The marathon, which begins in the Sun City Festival community and ends at Buckeye Airport, is not limited to just Buckeye residents, according to event coordinator Miranda Gomez.
Typically, a thousand racers participate in the marathon. At last year’s event, roughly 50 percent of the racers hailed from Buckeye, while 30 percent were not from the area but were still Arizona residents. The other 20 percent of the runners were from out of state or out of country. Gomez said there were 26 different states and three different countries represented last year.
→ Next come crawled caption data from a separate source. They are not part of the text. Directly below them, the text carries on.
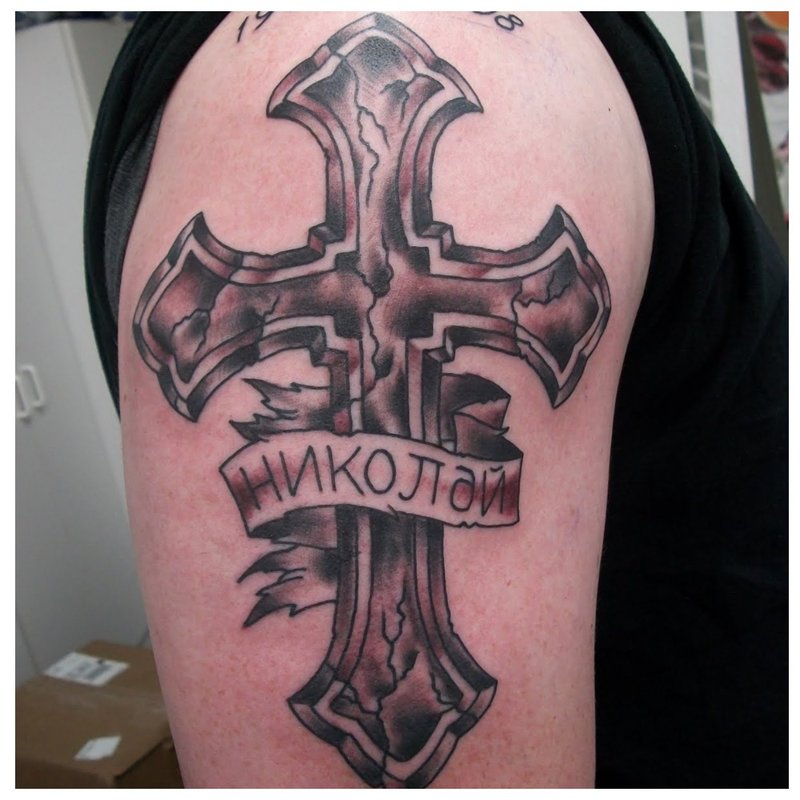 Inscription de tatouage en croix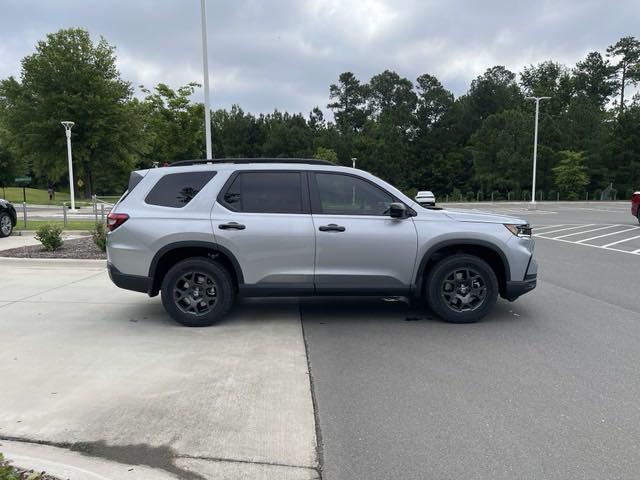 new 2025 Honda Pilot car, priced at $50,495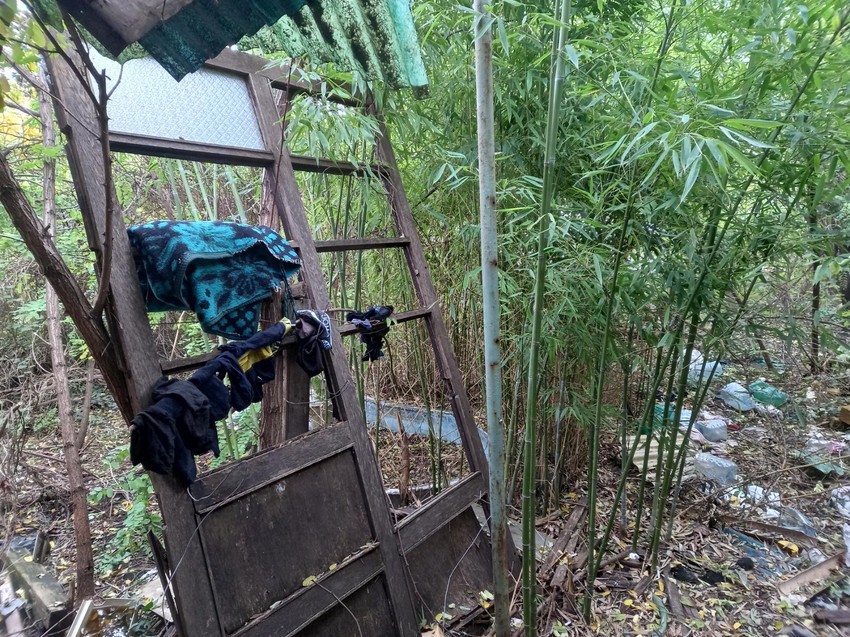 Ulaz u kuću u kojoj su živeli 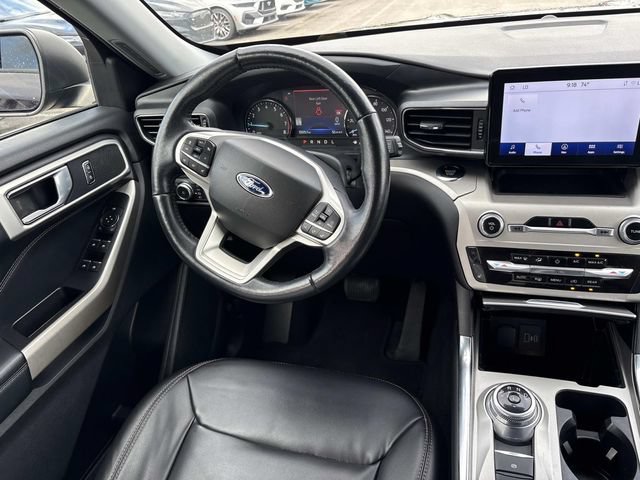 Certified 2022 Ford Explorer XLT w/ Equipment Group 202A RWD image 14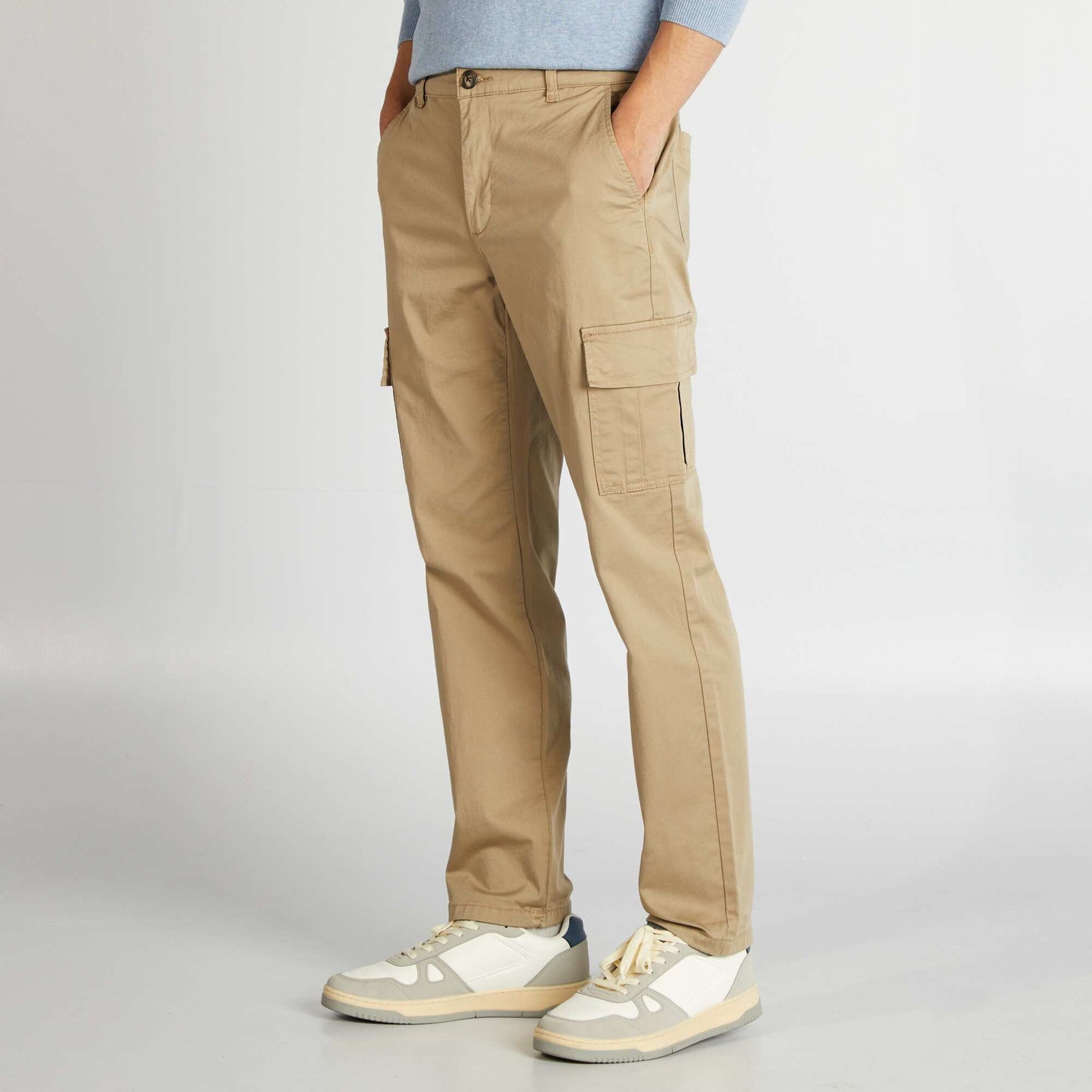 Pantalón con múltiples bolsillos corte recto BEIGE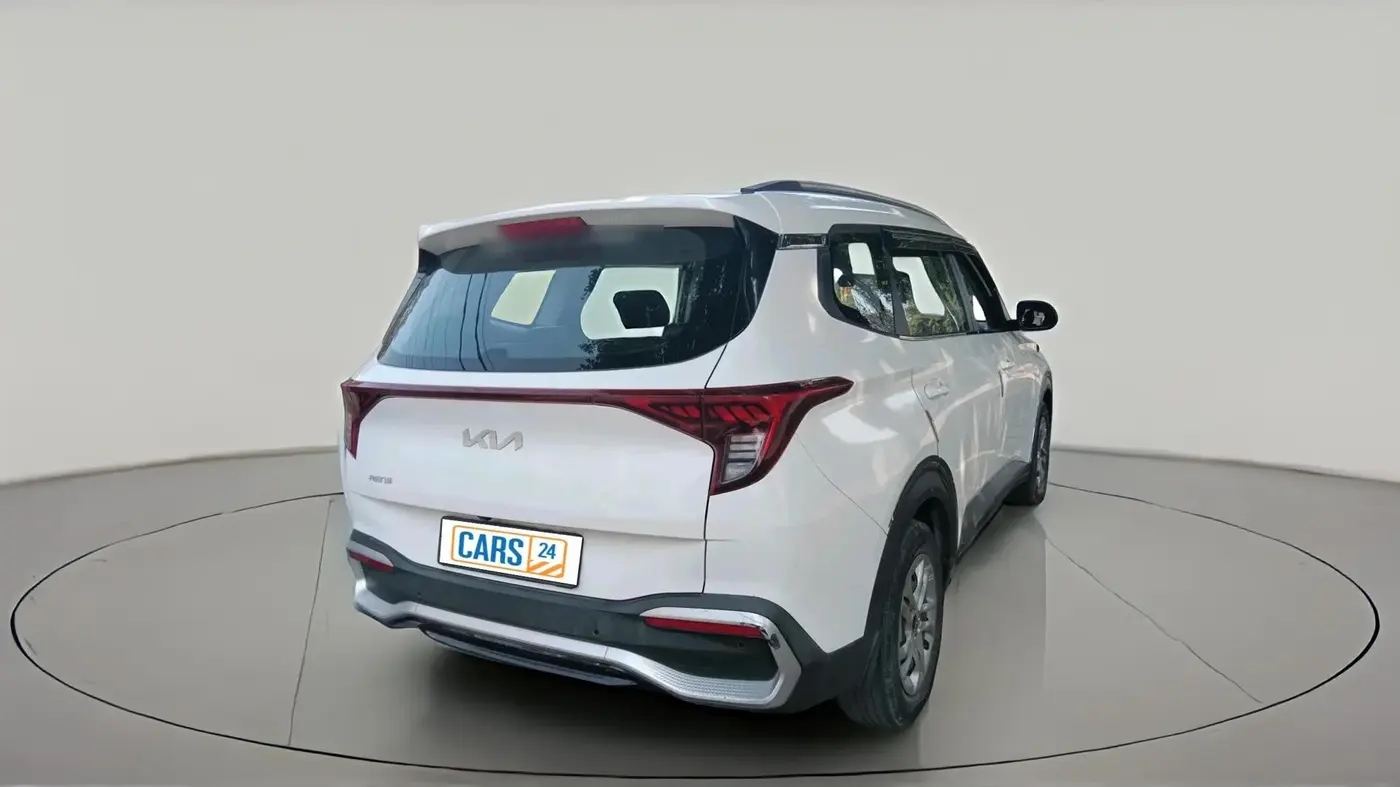 2022 KIA CARENS PRESTIGE 1.5 DIESEL 7 STR, Diesel, Manual, 1,06,835 km, exterior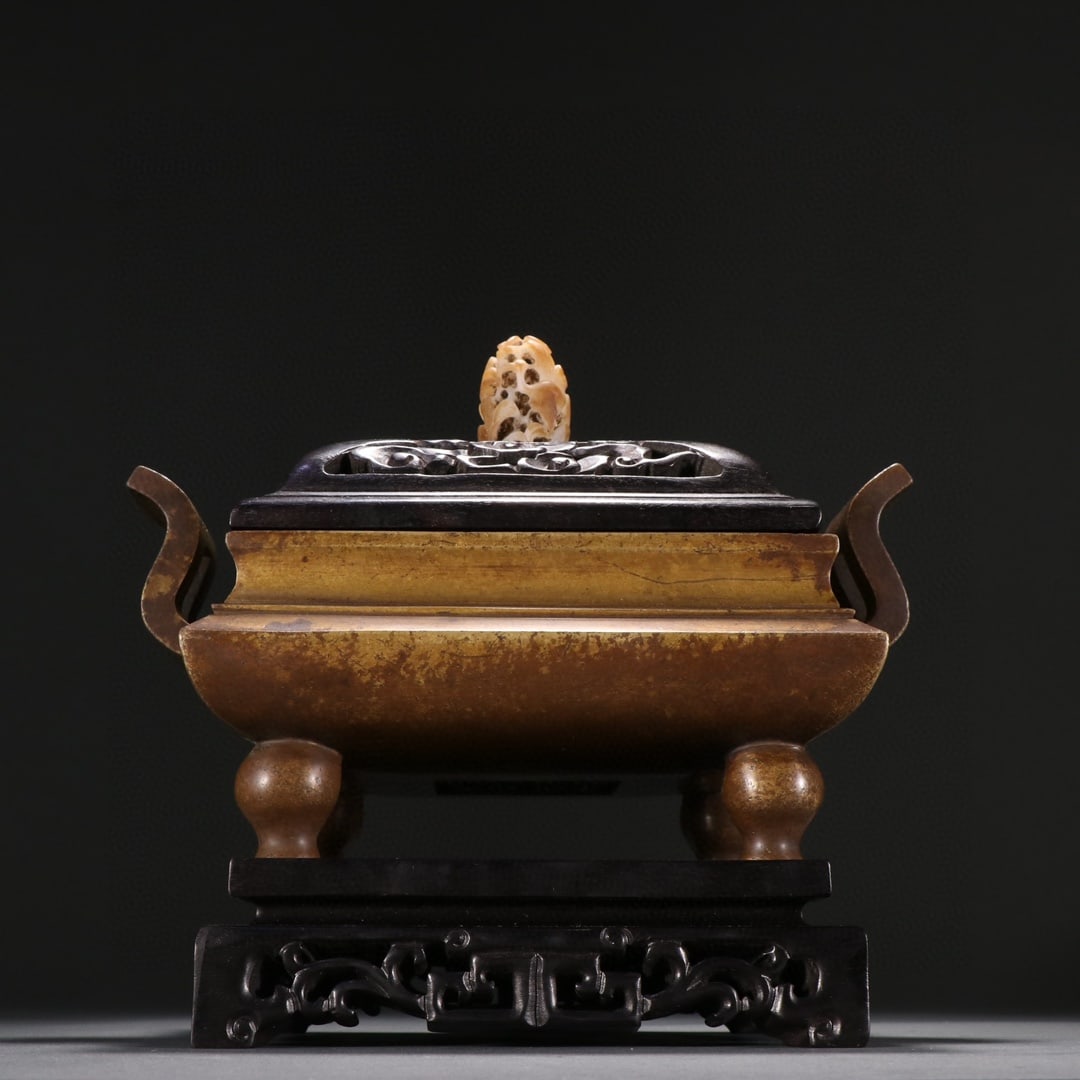 A Ming Dynasty Jiajing bronze Chaoguan ear incense burner (1 of 9)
Because the marathon is certified by USA Track and Field, runners have the chance to qualify for the National Qualifier and Boston Marathon while racing in Buckeye. Qualifying times are broken into divisions based on age group and gender, but Gomez said racers have qualified for the Boston Marathon at the Buckeye event.
“Our race is unique for people around the country in a few different ways,” Gomez said. “First thing is, it’s in December, where running temperatures are ideal here, and most other places around the country it’s not. It’s a good one for people to come out to and run in the snow somewhere that’s nice.”
Not only is the weather ideal, but the course is a favorable one to run. Gomez said it’s flat and typically all downhill. There is over 600 feet of elevation lost during the 26-mile trek, so it’s eyed as a steady path.
And if you’re not a marathon runner, don’t worry. The city of Buckeye prides itself on putting on an event that pertains to everyone. “We have a 5k, 10k, half marathon and full marathon, but then on site we also do an obstacle course that’s just kind of fun. We do that with CrossFit Fury in Goodyear where we put up different-sized obstacles,” Gomez said.
When the city first started the race five years ago, it was in response to the Let’s Move! initiative started by then-First Lady Michelle Obama, a foundation aimed at reducing childhood obesity. “Everyone has a role to play in reducing childhood obesity, including parents, elected officials from all levels of government, schools, health care professionals, faith-based and community-based organizations, and private sector companies,” the Let’s Move! website reads.
“What we started with is something to get people active, but what we do is, all of the proceeds of this race support our scholarship fund for the city,” Gomez said. The money raised from participants goes toward the Buckeye Youth Council Scholarship Fund, allowing children to partake in recreational activities in the city.
With the marathon weeks away, the city of Buckeye is also seeking volunteer help. Volunteers are needed to assist with the check-in process, staffing water stations and tending to the obstacle course, handing out medals and more.